O que posso dizer aos professores é que sei que eles têm razão, ao ponto de não conseguirem fazer nada. É tudo tão constrangedor, burocrático, administrativo, com tanta avaliação, que, obviamente, é difícil. Mas sei também que há colegas na mesma situação que conseguiram encontrar o ponto de fuga, o ponto da mudança, e isso se faz justamente conversando com outros colegas.

PM – Existe um debate antigo, mas ainda comum nos dias de hoje, sobre o papel da escola versus o papel da família, que demandas seriam de cada um e até um excesso de atribuições aos professores. Qual a visão do senhor sobre isso?

AN – Essa discussão, de fato, existe desde o século XIX, mas julgo que, hoje, temos que ser capazes de trazer as famílias para o debate educativo, construir com as famílias uma relação educativa. Professores, alunos e famílias precisam estabelecer uma melhor colaboração e cooperação entre si e acabar com esse debate de que famílias não sabem educar ou que os culpados são os professores. Atribuir culpas aos outros é o caminho mais fácil sempre, mas não nos leva a lugar algum. Tentemos construir o que Paulo Freire chamava de “a cidade educadora”, um movimento muito forte hoje no mundo, em que escola e sociedade estão em diálogo, tentando encontrar a melhor maneira de educar nossas crianças.

PM – No Brasil, muitos alunos sofrem com carências sociais. Como o professor deve lidar com o conteúdo escolar e com o que poderia ser visto como um “conteúdo social”?

AN – Esta é uma pergunta muito importante e pertinente. E o que eu teria para dizer aos professores é que o pior a se fazer a essas crianças é deixar que elas saiam da escola com muito conteúdo social e sem nenhum conteúdo escolar. O melhor a fazer, metaforicamente, é que ela saiba de Matemática, de Ciências. Essa é a ferramenta mais inclusiva que podemos dar, conhecimento forte. Portanto, faço um pedido aos professores brasileiros: nunca oponham o conhecimento à cidadania, o conteúdo escolar ao conteúdo social. Não há oposição possível. Como eu disse, não há cidadania sem Matemática.

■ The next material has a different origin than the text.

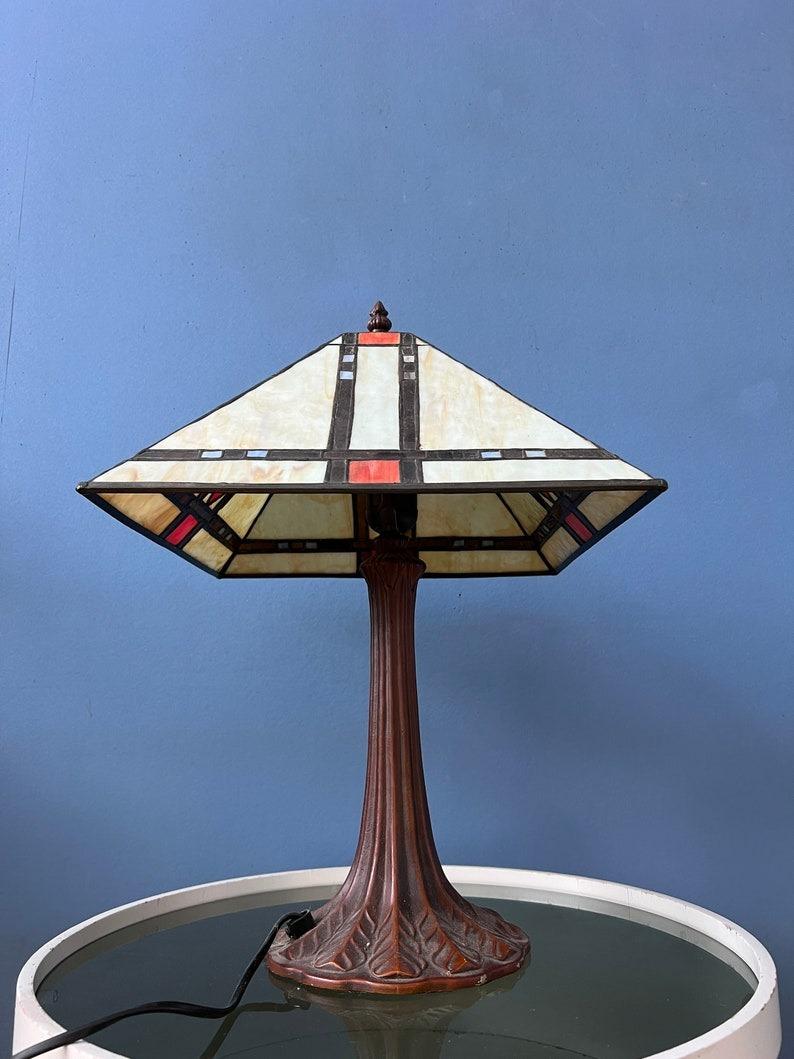 Lampe de table Bigli avec abat-jour en verre teinté coloré. La base est en métal et l'abat-jour est en acrylique. Le vitrail crée un magnifique effet de lumière. L'abat-jour peut être retiré de la base et positionné de la manière souhaitée. La lampe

A Matemática é uma forma de nos inserirmos na cidadania, e isso é absolutamente central.

Eu sei que é difícil. Eu sei que é difícil educar uma criança que tem fome, ensinar a quem não tem condições mínimas. Mas o melhor a fazer, como professores, é sermos capazes de, mesmo em situações difíceis, nunca abdicar do conhecimento escolar, que é verdadeiramente o centro de qualquer processo de educação integral. Não há educação integral sem conhecimento escolar.